PROBLEM DESCRIPTION | Where the line holding "Cô gái khoe" appears, start copying, and continue exactly through the last line of the listing, skipping pictures.

### MATERIAL SUPPLIED ###

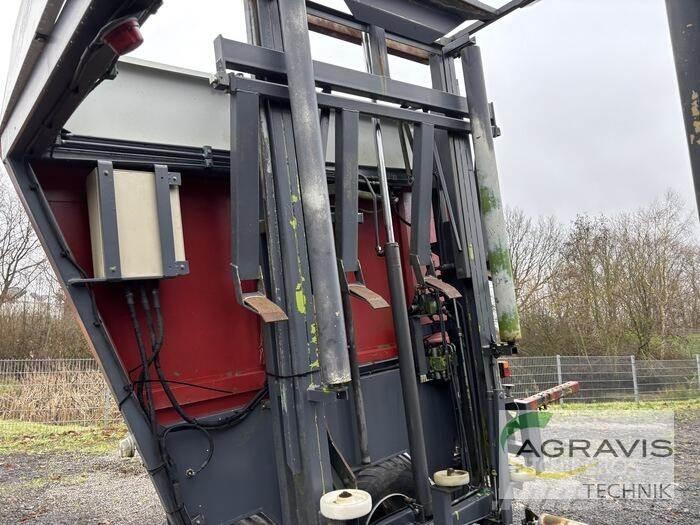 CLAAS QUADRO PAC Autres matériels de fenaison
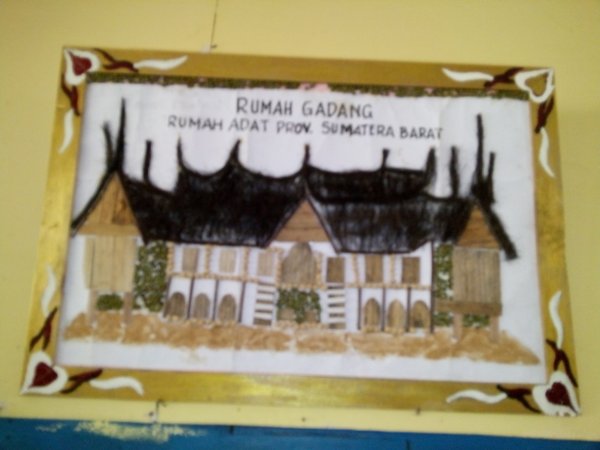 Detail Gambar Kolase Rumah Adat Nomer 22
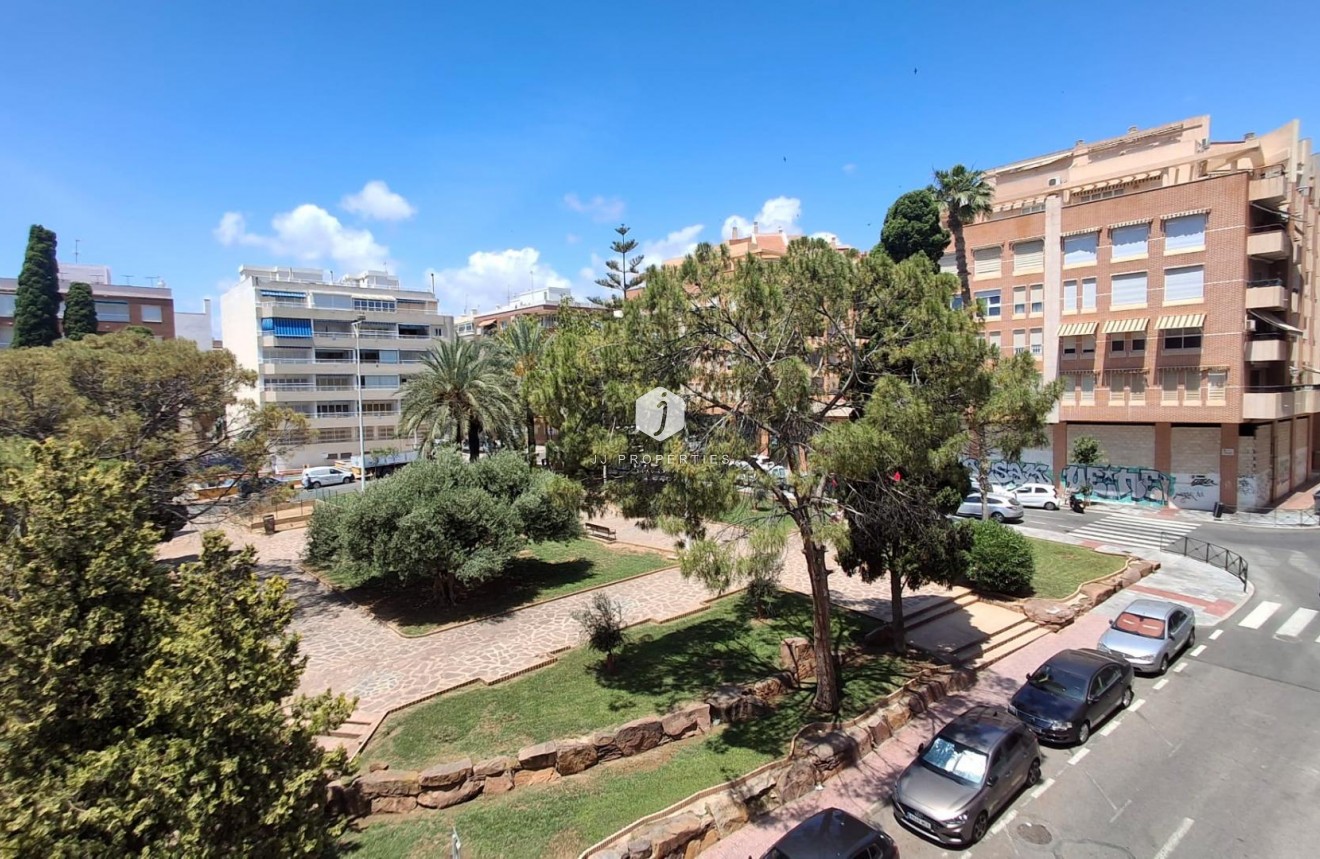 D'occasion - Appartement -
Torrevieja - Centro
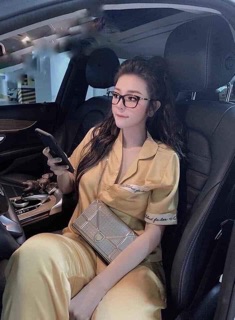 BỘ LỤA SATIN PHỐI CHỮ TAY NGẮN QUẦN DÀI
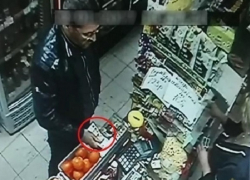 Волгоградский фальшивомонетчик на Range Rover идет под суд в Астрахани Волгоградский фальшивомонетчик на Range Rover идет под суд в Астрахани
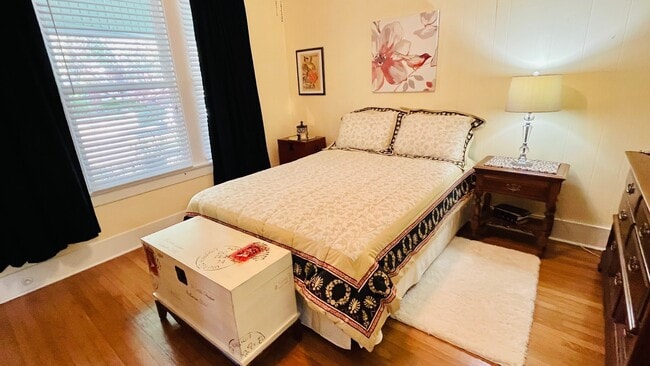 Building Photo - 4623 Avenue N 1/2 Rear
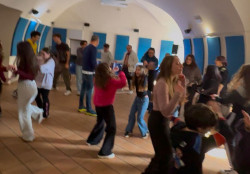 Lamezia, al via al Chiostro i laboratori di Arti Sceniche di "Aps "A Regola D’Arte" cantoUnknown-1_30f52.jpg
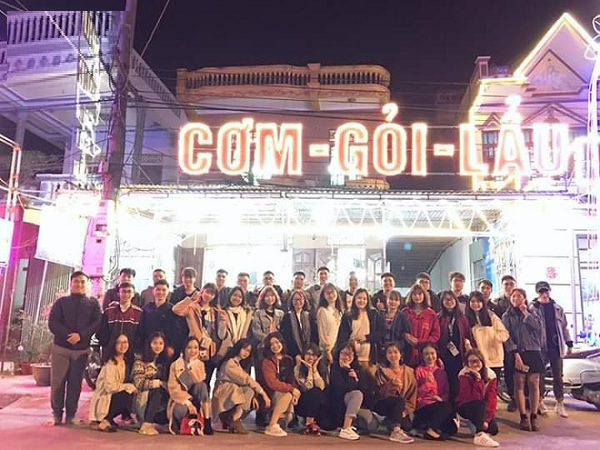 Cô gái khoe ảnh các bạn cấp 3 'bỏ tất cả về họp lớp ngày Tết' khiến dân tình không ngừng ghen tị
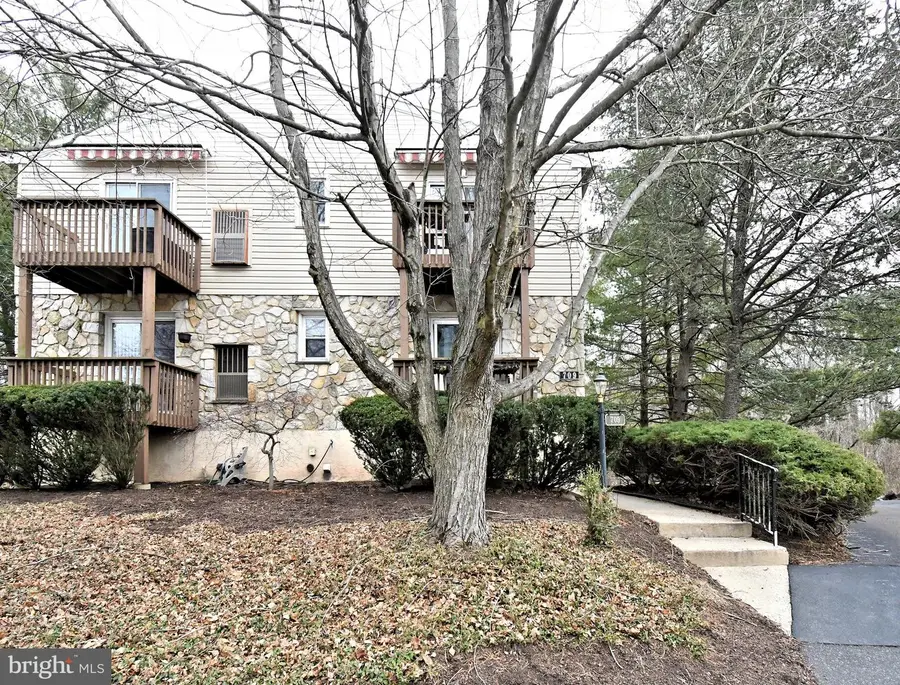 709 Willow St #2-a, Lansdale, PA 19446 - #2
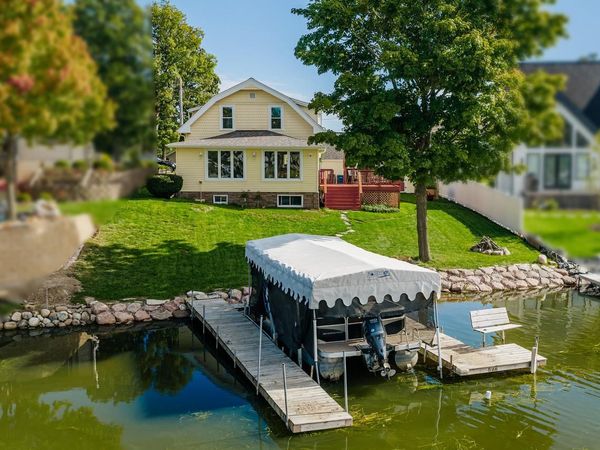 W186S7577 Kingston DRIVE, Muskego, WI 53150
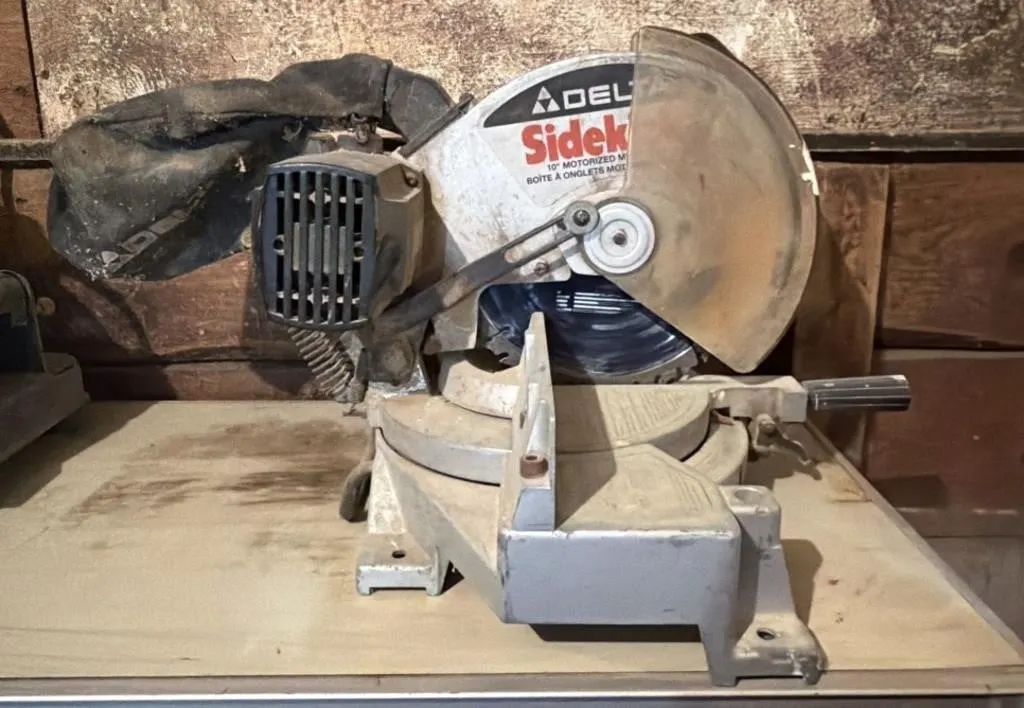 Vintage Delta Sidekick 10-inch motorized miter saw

###

SOLUTION TO THIS EXERCISE |
 Cô gái khoe ảnh các bạn cấp 3 'bỏ tất cả về họp lớp ngày Tết' khiến dân tình không ngừng ghen tị
 709 Willow St #2-a, Lansdale, PA 19446 - #2
 W186S7577 Kingston DRIVE, Muskego, WI 53150
 Vintage Delta Sidekick 10-inch motorized miter saw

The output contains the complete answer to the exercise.